I knew it, but he was still denying it when I checked in again last night. It wasn't until I pulled out all the manipulative skills I could muster that he finally admitted, that yeah, he had a squizz on Sat night and....well, there it all was.

I've been in a state of panic worried about how he might react but I needn't have been. He was all for the challenge. Infact he's all for it going on for another year. And the year after that too.

So, suffice to say it's been a success. I'm gonna take the lead from some of the feedback I've had and give this a good old shot for a little longer.

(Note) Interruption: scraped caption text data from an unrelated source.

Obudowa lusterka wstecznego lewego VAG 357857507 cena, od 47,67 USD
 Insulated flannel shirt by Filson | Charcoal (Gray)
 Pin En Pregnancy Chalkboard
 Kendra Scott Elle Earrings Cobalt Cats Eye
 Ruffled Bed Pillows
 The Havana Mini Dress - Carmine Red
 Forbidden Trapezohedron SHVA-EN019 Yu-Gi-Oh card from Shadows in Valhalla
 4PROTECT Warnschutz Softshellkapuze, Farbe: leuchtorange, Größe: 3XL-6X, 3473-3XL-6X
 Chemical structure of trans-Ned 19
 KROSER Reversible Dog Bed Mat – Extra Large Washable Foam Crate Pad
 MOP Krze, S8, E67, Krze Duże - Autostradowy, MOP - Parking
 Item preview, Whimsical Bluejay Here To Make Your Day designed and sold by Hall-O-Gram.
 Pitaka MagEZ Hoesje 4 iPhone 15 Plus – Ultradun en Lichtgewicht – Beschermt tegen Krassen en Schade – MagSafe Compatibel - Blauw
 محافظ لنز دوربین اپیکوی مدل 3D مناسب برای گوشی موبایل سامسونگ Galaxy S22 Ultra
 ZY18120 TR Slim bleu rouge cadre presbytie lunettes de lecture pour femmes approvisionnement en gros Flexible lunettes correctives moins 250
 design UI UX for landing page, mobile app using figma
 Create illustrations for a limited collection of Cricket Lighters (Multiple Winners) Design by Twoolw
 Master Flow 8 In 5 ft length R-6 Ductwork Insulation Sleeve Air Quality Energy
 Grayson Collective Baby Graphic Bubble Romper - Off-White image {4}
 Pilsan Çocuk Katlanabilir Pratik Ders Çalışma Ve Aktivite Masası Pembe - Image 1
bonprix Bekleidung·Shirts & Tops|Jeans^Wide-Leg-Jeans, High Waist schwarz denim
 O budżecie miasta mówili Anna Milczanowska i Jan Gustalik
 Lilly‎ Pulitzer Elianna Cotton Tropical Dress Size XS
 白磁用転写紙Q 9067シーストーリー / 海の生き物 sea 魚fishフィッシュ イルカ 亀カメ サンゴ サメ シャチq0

Would I recommend it? Hell yeah. Admittedly keeping a blog kept me on the straight and narrow, but I haven't yelled in a week and don't actually feel like yelling now that my week is over. WIERD. Without the blog I rekon I would have given up at day 3, so if you do give it a shot, make sure you pre plan it. Obviously I haven't been talking much about what I did, but in the main it was no complaining (though I did get simmeringly shirty mid week), being conversational, actually stopping what I was doing and looking at him whilst we were talking and just trying to stay cool all week really. There are others out there that are way better at this stuff than I am!

Now, this is the 7 day wrap up and it's hit 10/10 in the success stakes (hard not to with R pulling out all stops the last couple of days), but I'm keen to add a couple of pieces later on. Going to interview R to get his perspective on how this week went, from the sneaky side of it right up to how he feels now . And trying to twist the arm of a friend of mine, who wrote "A womb with attitude" to do a guest blog on the power those raging hormones have over us mere mortals.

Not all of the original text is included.